[Short text fragments from websites]
===

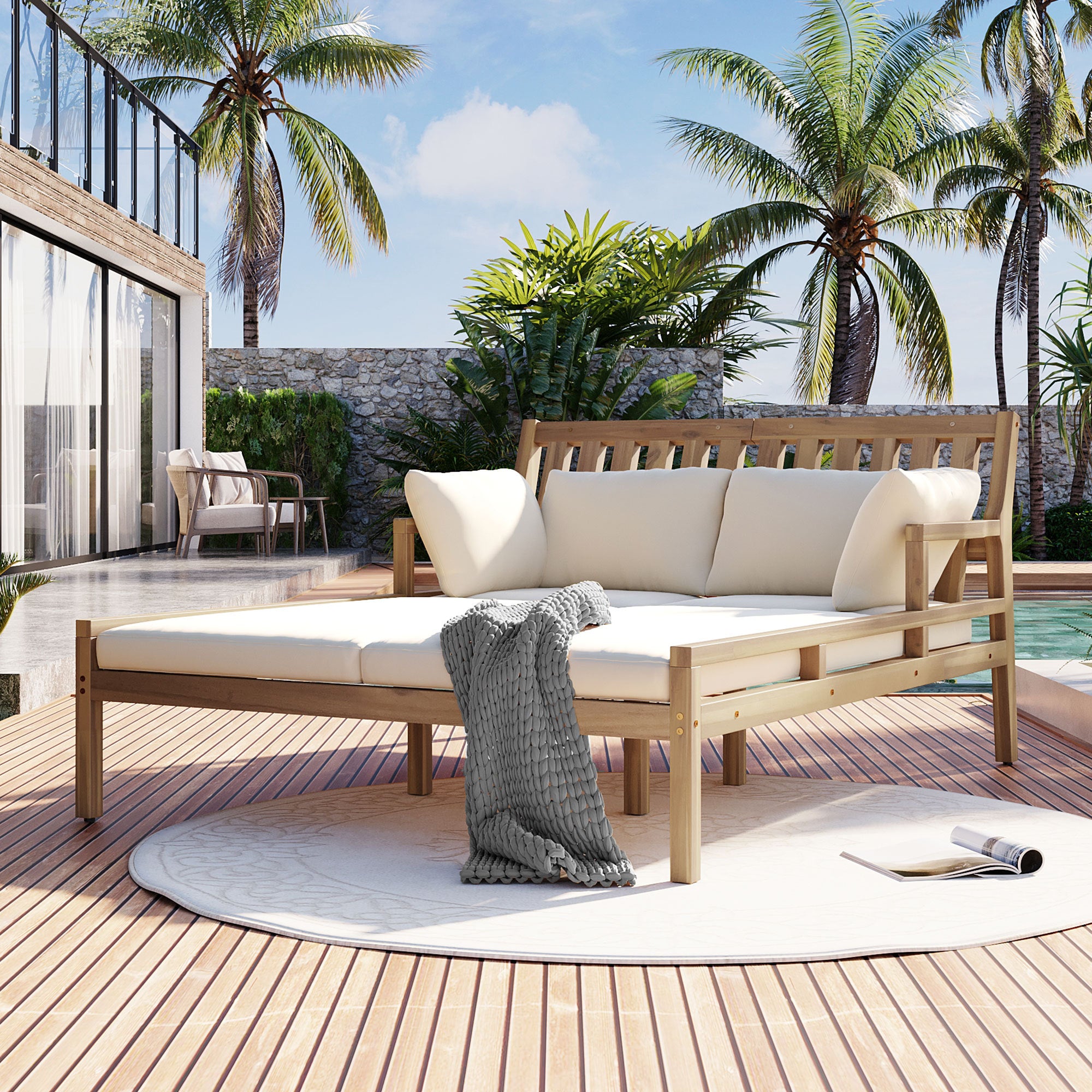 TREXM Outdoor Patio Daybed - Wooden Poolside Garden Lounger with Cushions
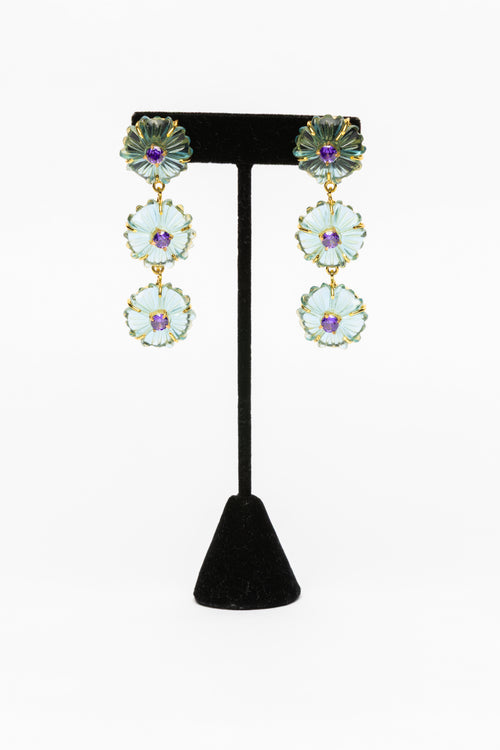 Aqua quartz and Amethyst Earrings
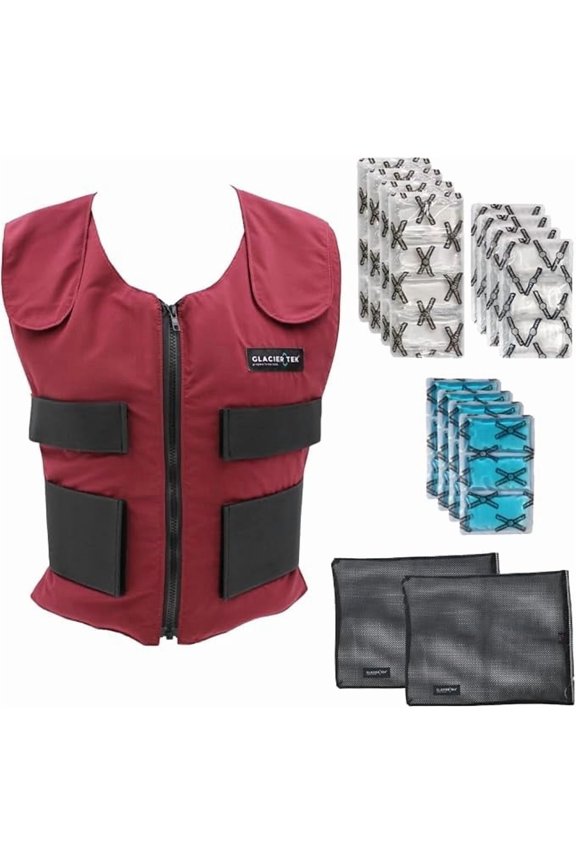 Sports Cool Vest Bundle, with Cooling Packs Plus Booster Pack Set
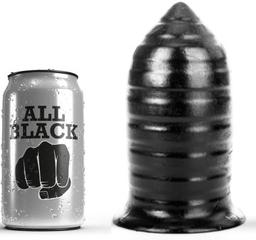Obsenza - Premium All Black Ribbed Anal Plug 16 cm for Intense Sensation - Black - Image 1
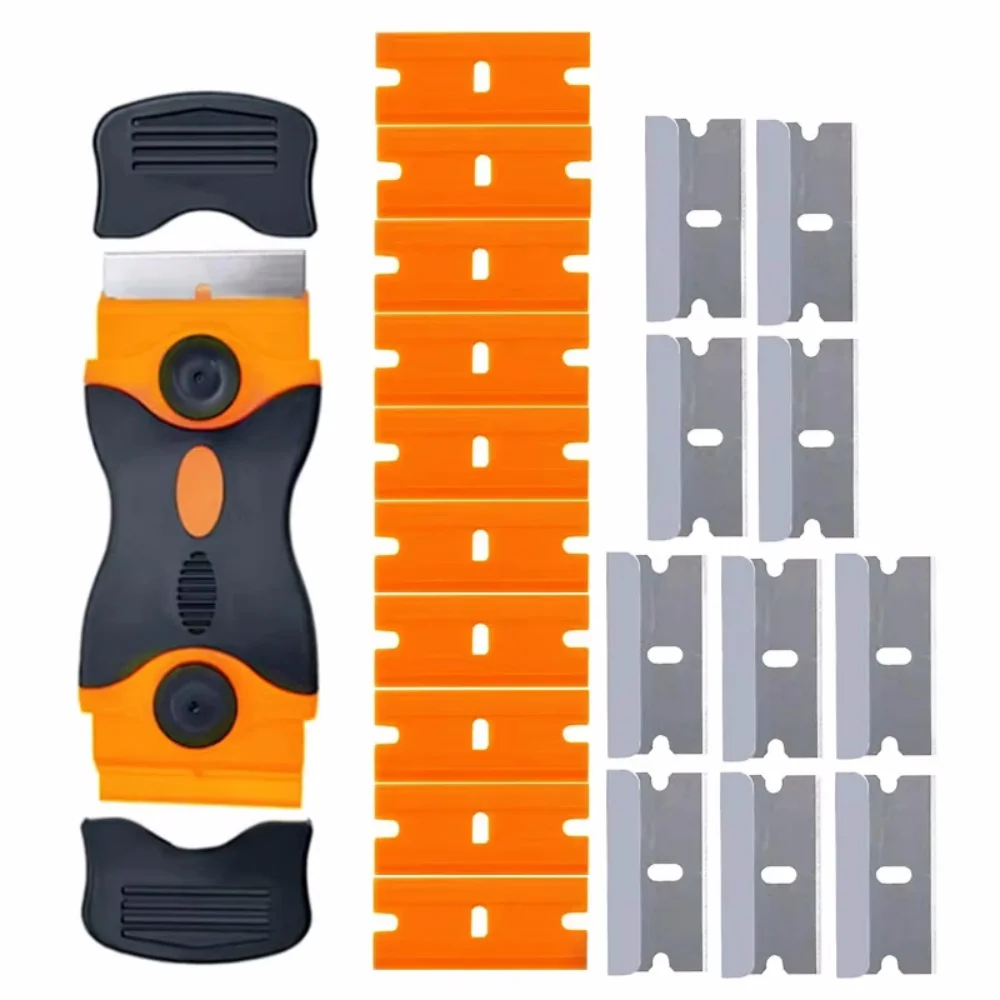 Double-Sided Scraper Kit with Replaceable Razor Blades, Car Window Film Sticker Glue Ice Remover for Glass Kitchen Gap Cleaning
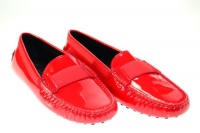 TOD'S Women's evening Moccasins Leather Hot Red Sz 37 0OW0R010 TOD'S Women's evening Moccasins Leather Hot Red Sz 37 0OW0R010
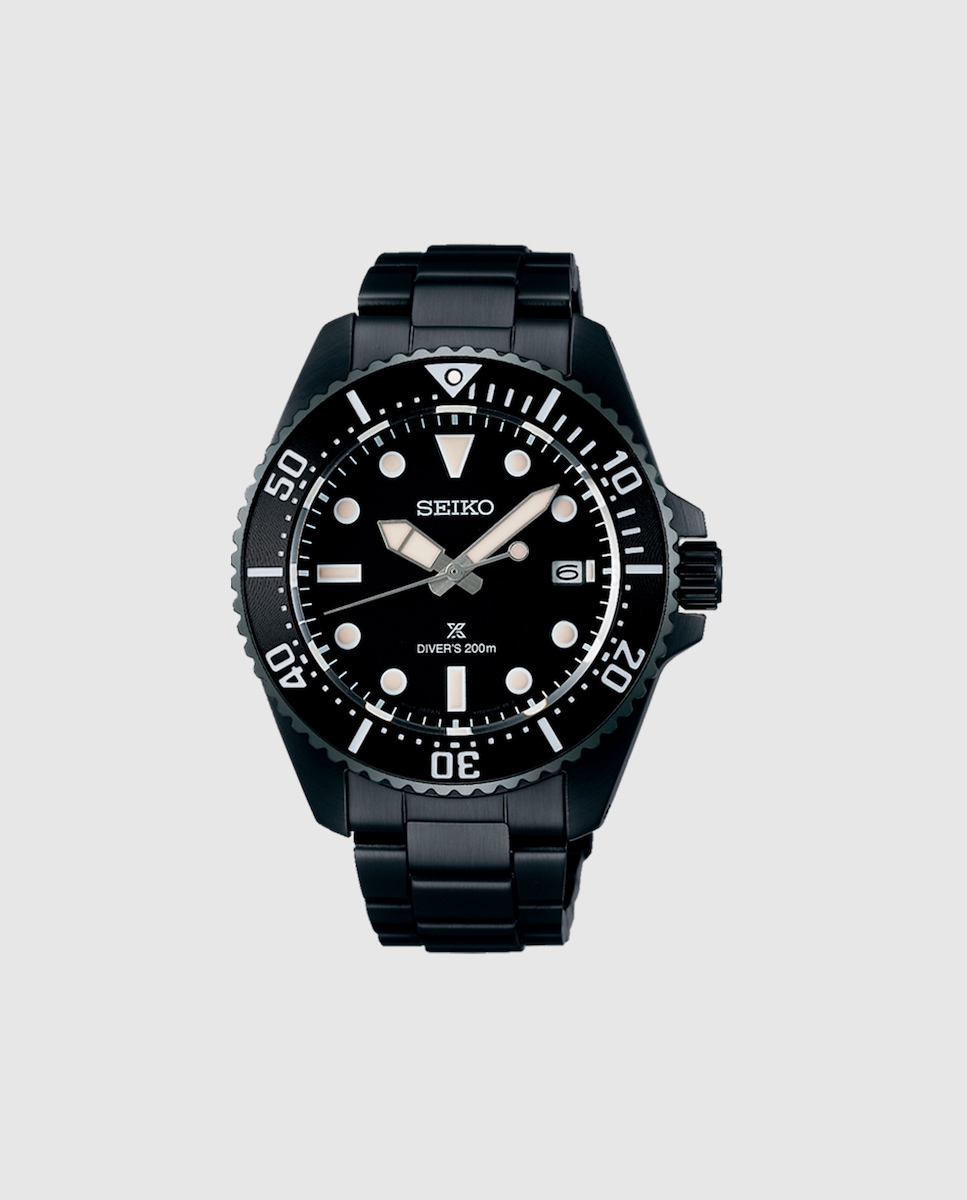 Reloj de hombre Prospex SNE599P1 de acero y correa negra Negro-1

===

[EXERCISE PROMPT] Only an exact copy of the lines from the top of the entries through the line with "Double-Sided Scraper Kit", both included, should be given, with all pictures omitted.

[RESPONSE AREA]
 TREXM Outdoor Patio Daybed - Wooden Poolside Garden Lounger with Cushions
 Aqua quartz and Amethyst Earrings
 Sports Cool Vest Bundle, with Cooling Packs Plus Booster Pack Set
Obsenza - Premium All Black Ribbed Anal Plug 16 cm for Intense Sensation - Black - Image 1
 Double-Sided Scraper Kit with Replaceable Razor Blades, Car Window Film Sticker Glue Ice Remover for Glass Kitchen Gap Cleaning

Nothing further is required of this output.